*Exercise details*: Omit the pictures and print exactly the lines of the listing below, starting at the first and ending at the line containing "If you'd like".

*Dataset section*:

+++

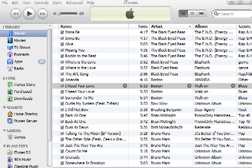This is ideal for if the songs that you've imported into iTunes are in AIFF format, AAC format, or WAV format, and you want them to become MP3s.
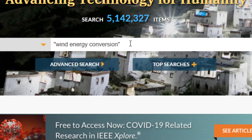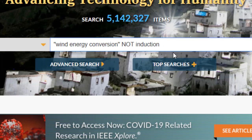If you'd like to use a Boolean operator, you can do it right here in the global search box. Adding NOT INDUCTION to my search string means that the search engine will not return papers with the word INDUCTION in the metadata. You can also use AND or OR operators here, but they must be in all capital letters. If you don't add any operators, remember that the default is AND.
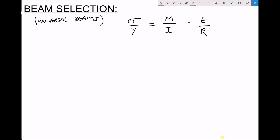In the previous video we saw how we could use the beam bending equation shown on the screen in order to calculate various parameters for a beam. In particular we looked at how we could calculate the bending stress sigma and the radius of curvature r for a beam which was being subjected to a known bending moment m. Now what we're going to be looking at in this video is the method that can be used to select universal I-section beams, and there are some British standard tables that we're going to be using to help with this process.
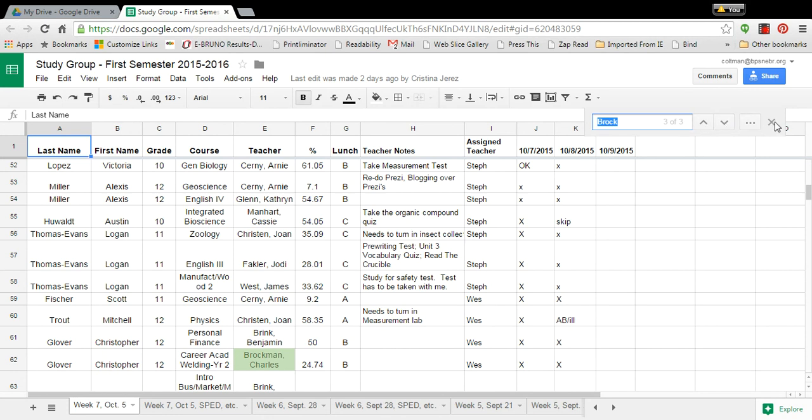You can use Ctrl+F to find anything in any spreadsheet or any website. Simply use Ctrl+F, Ctrl find. It's a good thing.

+++

*Written solution*:
This is ideal for if the songs that you've imported into iTunes are in AIFF format, AAC format, or WAV format, and you want them to become MP3s.
If you'd like to use a Boolean operator, you can do it right here in the global search box. Adding NOT INDUCTION to my search string means that the search engine will not return papers with the word INDUCTION in the metadata. You can also use AND or OR operators here, but they must be in all capital letters. If you don't add any operators, remember that the default is AND.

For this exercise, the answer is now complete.